Paul (2015b) claims that “choosing to undergo an epistemically transformative experience” introduces “a deep subjective unpredictability about the future” (p. 7). We suggest that “deep subjective unpredictability” is often experienced by many people as a fact of their past and their present—indeed, of their life as a whole, and not just as a highly specific issue pertaining to decisions about the future.10 Consider the millions of displaced people, refugees, or those living in extreme poverty. Their unpredictability is not subjective, but situational, and this gives us an indication of the extent to which Paul's account can be helpfully supplanted to include an analysis of situational unpredictability. The sense of ownership, indeed authorship, and authority over one's life is a requirement Paul takes for granted her discussions of TE and moreover is essential for her construal of TE. We suggest expanding the focus so as to include cases that do not conform to this paradigm.

Finally, we would like to point out a set of experiences that come under the umbrella term “choice under coercion,” returning to Sophie's Choice (Styron, 1979).

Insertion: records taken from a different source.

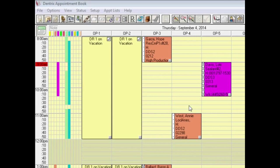Hello and welcome to Dentrix Does It. In this video, I'll show you how you can change the Appointment Book view so that it will wrap the appointment reason to a second or even a third line.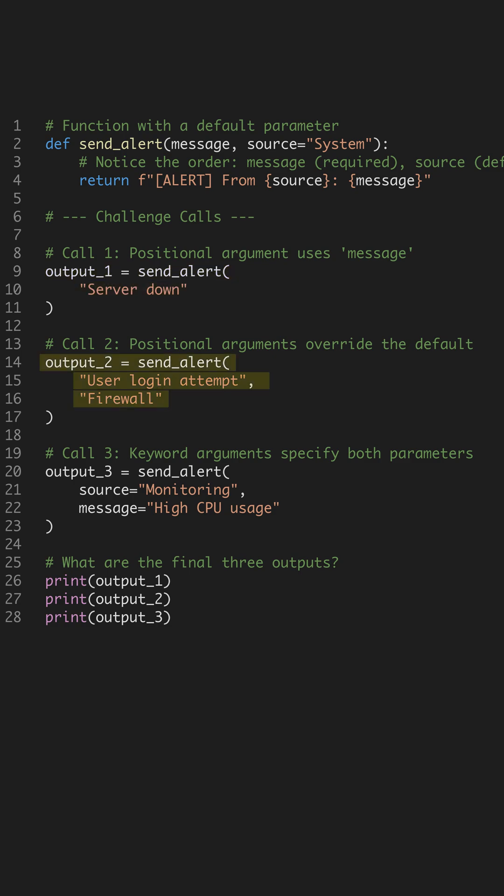For call 2, we pass two positional arguments. User login attempt goes to message, and firewall overrides the default source value.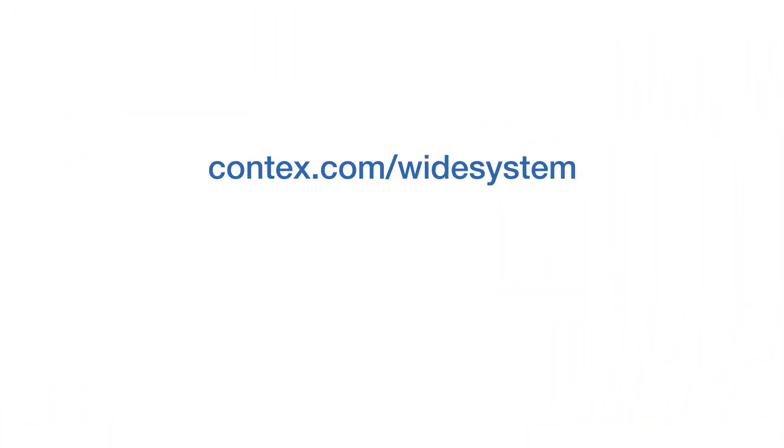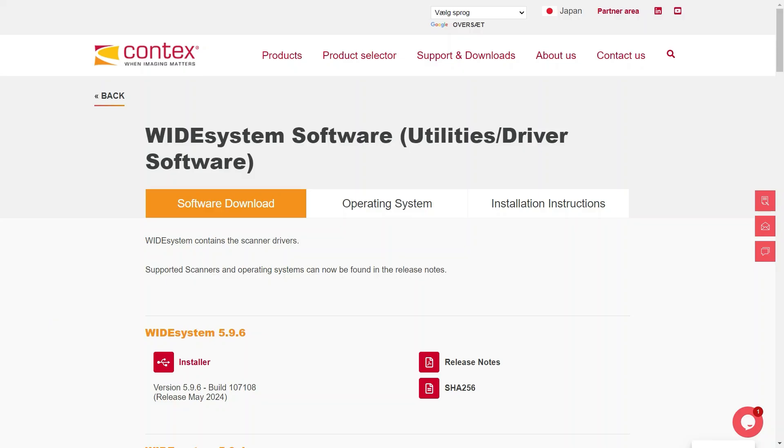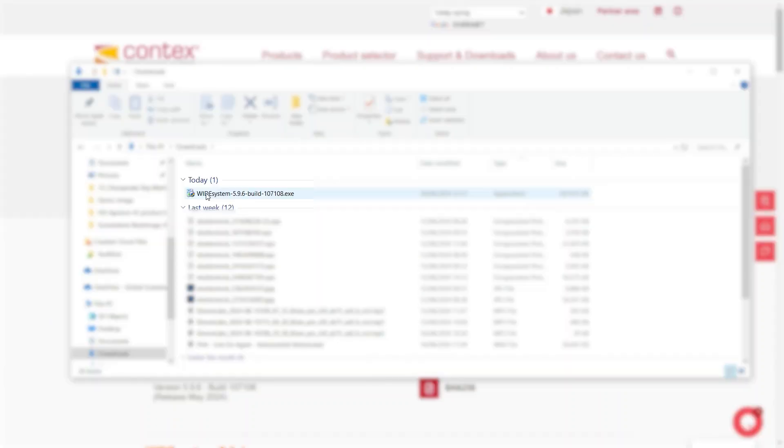Go to context.com/WideSystem. Click on the installer link to begin the download and installation.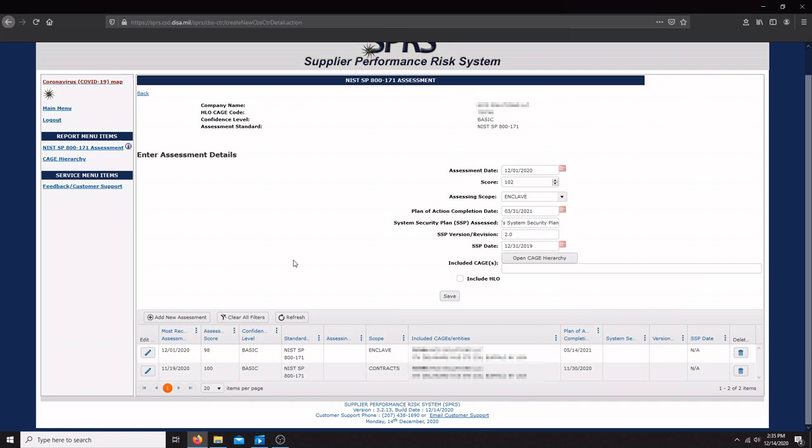Once you've saved your assessment details into the SPRS, you're going to be compliant with DFARS 252.204-7019, which requires you to upload a basic assessment for future contract award.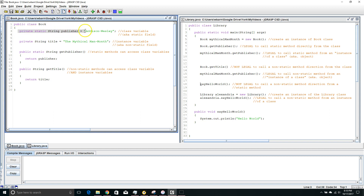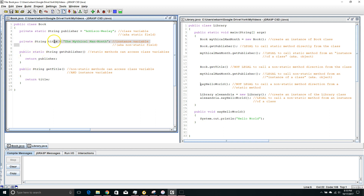A static field can be accessed by either a static method or a non-static method. In this case I chose to write my getter method using a static method, but I could have done it with a non-static method too. On the other hand, my non-static field, my instance variable, I have to use a non-static method to access it. So my getter method for title had to be non-static.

The pivotal moment of so‐called choice was certainly transformative for Sophie:

She could not believe any of this. She could not believe that she was now kneeling on the hurtful, abrading concrete, drawing her children towards her so smotheringly tight that she felt that their flesh might be engrafted to hers even through layers of clothes […] “Don't make me choose,” she heard herself plead in a whisper, “I can't choose.” (Styron, 1979, pp. 594–595)

We suggest a double expansion of Paul's notion of choice. First, many common and exemplary types of TEs, such as those arising from serious illness, are not the outcome, and could not conceivably be the outcome, of a rational choice. Second, a coerced choice may be transformative even when devoid of all characteristics of choice (it is not free, minimally constrained, made positively, etc.). In short, coercive and unchosen situations may be transformative.

Let us continue to develop our taxonomy, on the basis of bivalent notions of epistemic transformation and personal transformation. We suggest that each of these modes of transformation can be either positively or negatively valenced, such that TEs could take one of four general forms:

  1. Positive epistemic transformation, positive personal transformation—A paradigmatic example here is having a successful long‐term relationship. The epistemic gains are clear—one learns the meaning of a deep, loving bond, one becomes more calm and confident because of their trust in the other's love, one experiences the world as more benevolent, and so on. The personal gains are also positive and mirror the epistemic gains. One is changed in the ways described above to become a more loving, generous, open person. This is a clear example in which both the epistemic and the personal gains are mutually reinforcing and harmonious.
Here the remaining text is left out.